The loans, which debt forgiveness campaigners said were made for the Argentinian generals to fund the purchase of military equipment later used to invade the Falkland Islands, had been rolled up into a package of nearly $10bn (£6bn) of debt to Western countries dating back from the country’s default in 2001.
The Western governments involved, known as the Paris Club, have been negotiating with the Argentinian government of President Cristina Kirchner to repay them.
Yesterday, they struck a deal with Argentina to repay it in full over five years. The first payment of $1.15bn is due by next May.
Private lenders to Argentina accepted a lower repayment of just 33 cents for every dollar they were owed in 2005. However, so-called vulture funds, who bought Argentinian debt at a massive discount following the default, are now pushing for the country to repay them in full.
Britain’s portion of the loans was said by debt relief campaigners – citing the department of UK export finance – to be $119m, of which $45m is said to have gone towards military equipment including naval destroyers, helicopters and missiles used in the Falklands War.
The Jubilee Debt Campaign’s policy officer, Tim Jones, said: “It is unfair for the Paris Club countries to be demanding huge amounts more from Argentina than received by private lenders. Countries such as Japan, Germany and the UK lent money to previous Argentine governments recklessly. There is no reason why they should be paid in full.”

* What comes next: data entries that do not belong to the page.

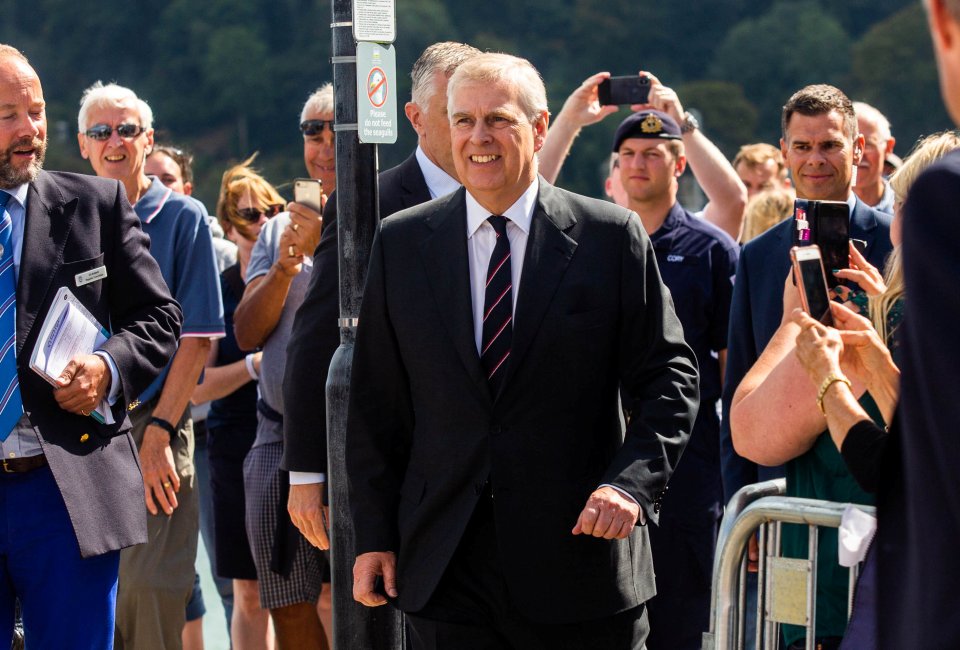  Prince Andrew smiles at Dartmouth Royal Regatta on Friday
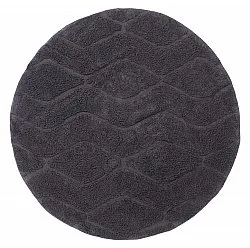 Tapis rond - Brynn Natural Cotton Shaggy (noir)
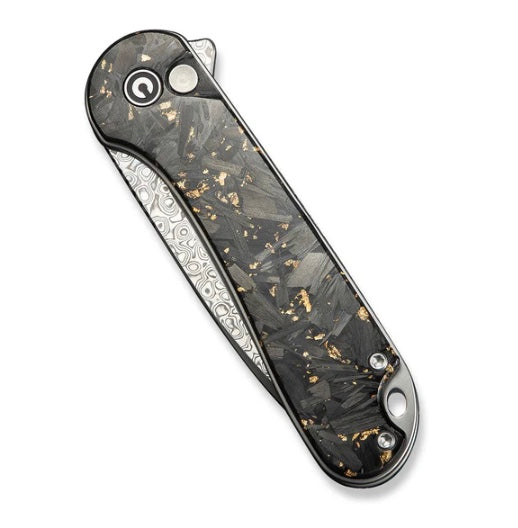 Civivi Elementum II Button Lock Carbon Fiber & Gold Shred w/ Damascus C18062P-10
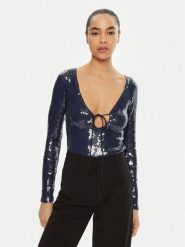 BARDOT Body 59471TB Niebieski Slim Fit. Niebieskie body i gorsety Bardot, bez wzorów, z syntetyku, bez ramiączek. Za 259.99 zł.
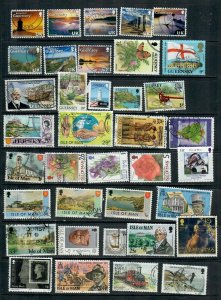 GUERNSEY / JERSEY / IOM MIX X 37 ALL DIFFERENT,  USED LOT I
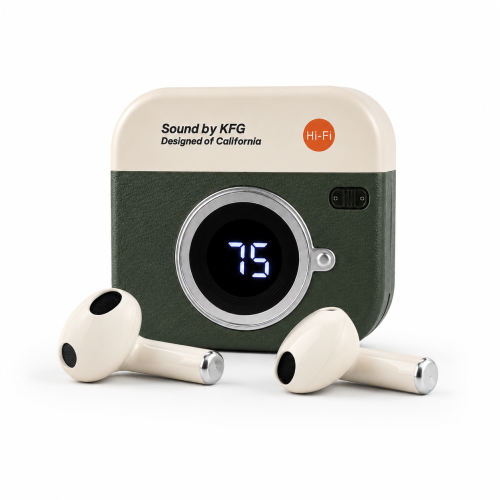 Q86 Retro Camera Design True Wireless Earbuds – Bluetooth 5.4 TWS with Leather Texture, Digital LED Display, Low Latency Gaming & ENC Noise Reduction
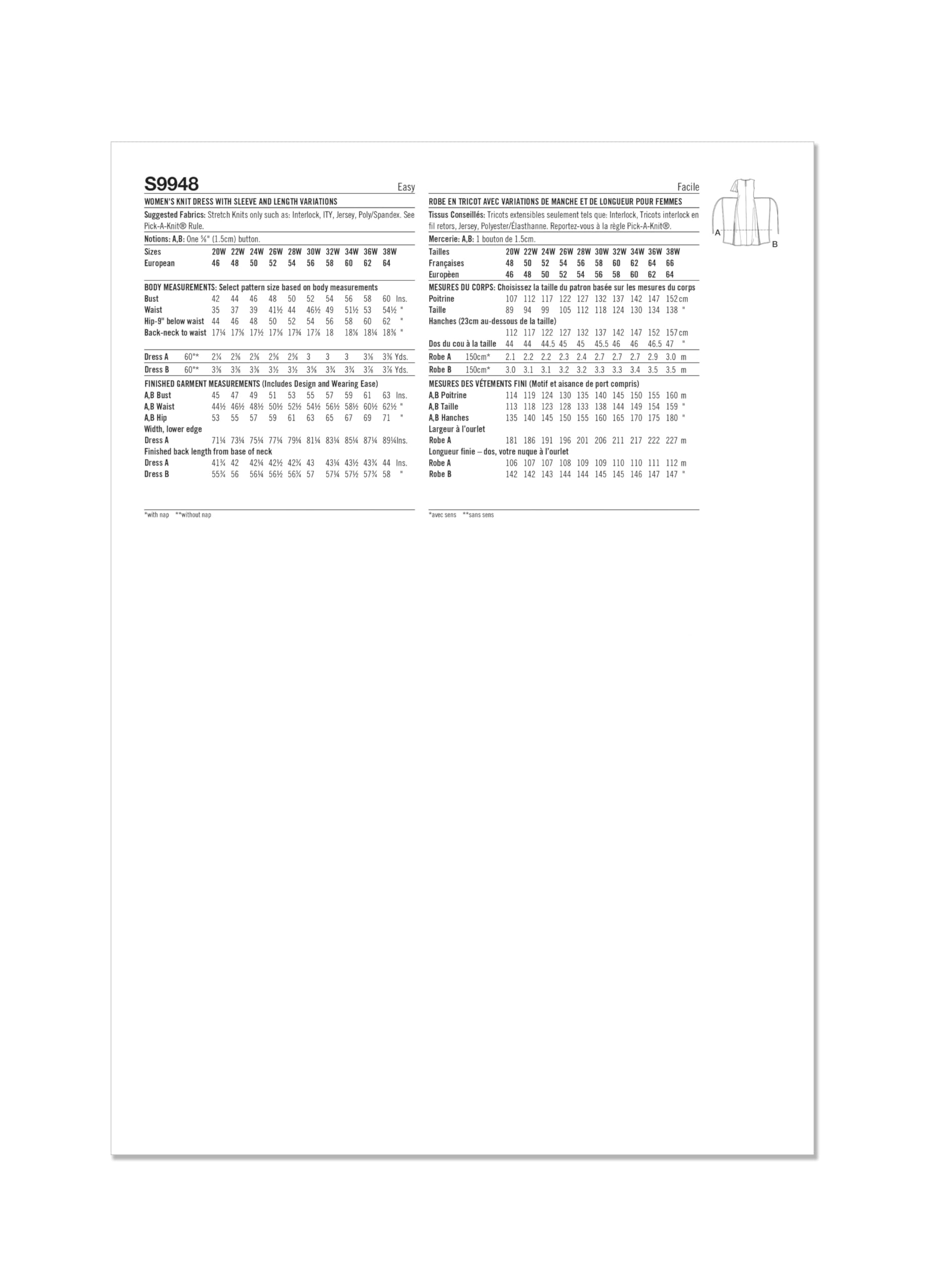 SIMPLICITY Sewing Pattern SS9948W2 Women's Knit Dress with Sleeve and Length Variations W2 (20W-22W-24W-26W-28W)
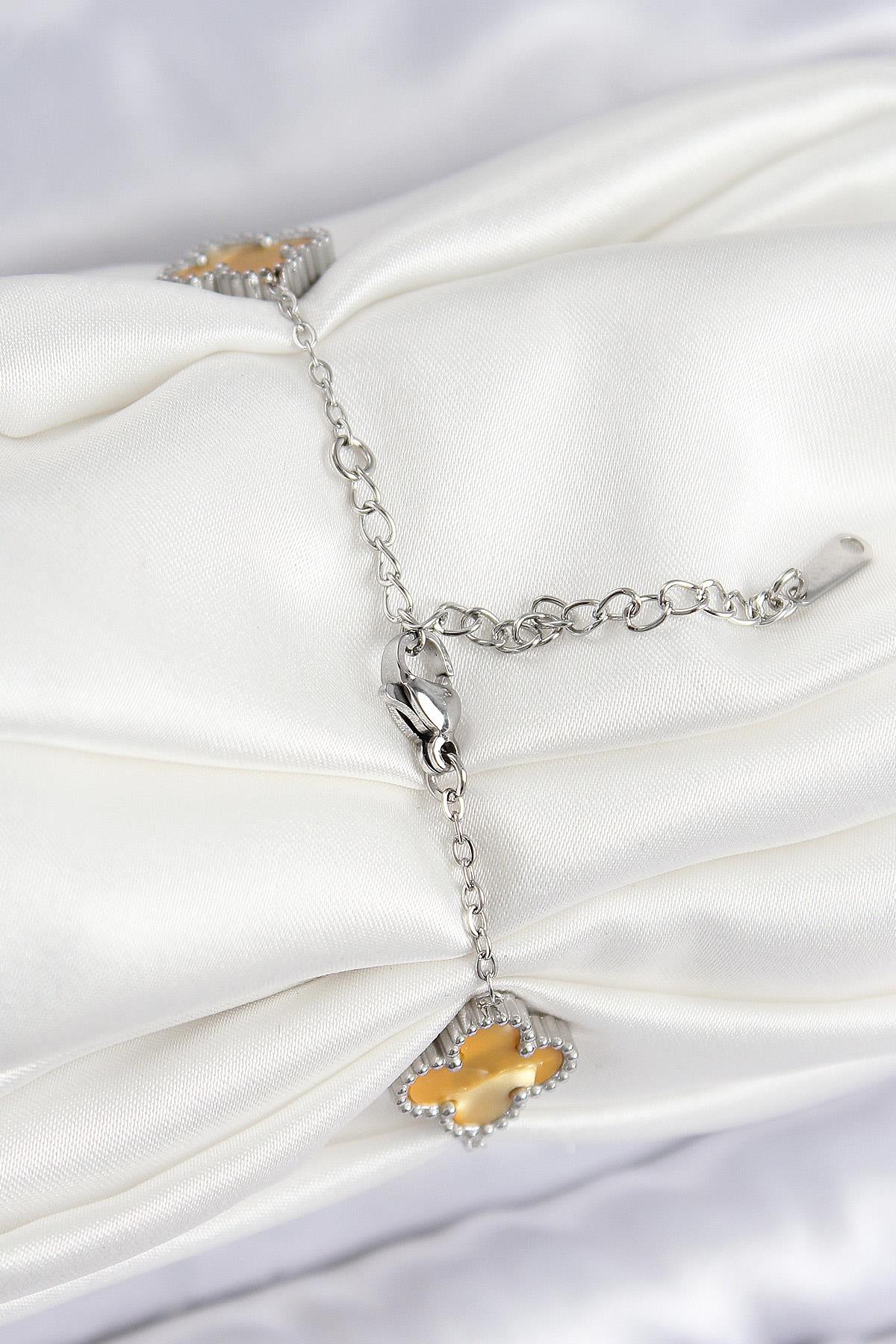 316L Çelik Sedefli Kehribar Sarı Gümüş Renk Yonca Kadın Bileklik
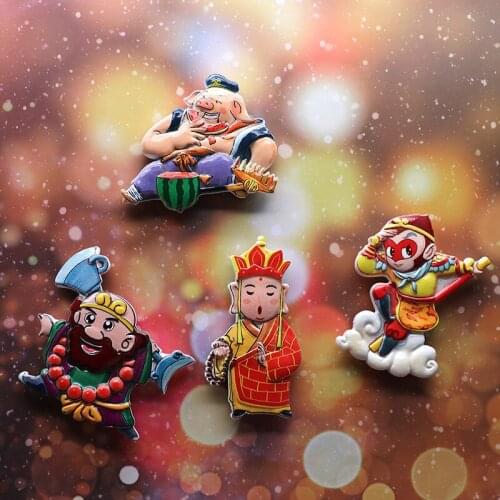 Chinese masterpiece journey to the West hand made refrigerator paste painting Tang Monk model magnetic Chinese tourist souvenir
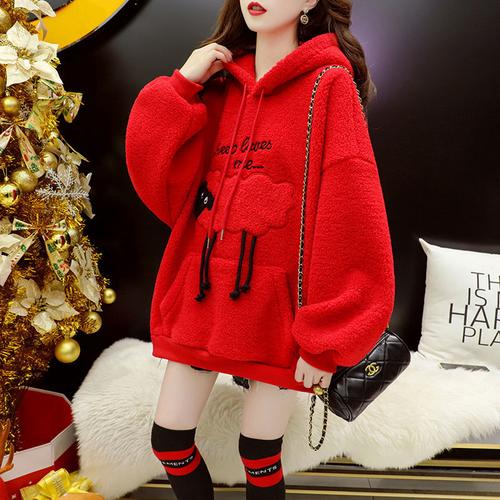 加绒加厚红色卫衣女跨年衣服2020新款秋冬洋气百搭宽松羊羔毛外套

In return for agreeing the repayment, Argentina’s financial relations with the rest of the world will be placed on a more normal footing, with access from Paris Club governments to credit insurance, loan guarantees and financing that have been blocked pending the deal.
The agreement follows a recent offer of $5bn in government bonds to the Spanish oil company Repsol as compensation for the government’s seizure of a controlling stake in its Argentinian subsidiary two years ago.
It remains to be seen if Ms Kirchner’s efforts will be enough to stem her country’s crippling foreign currency shortages. She has already devalued the Argentine peso and limited imports in an attempt to retain enough dollars to stabilise the currency.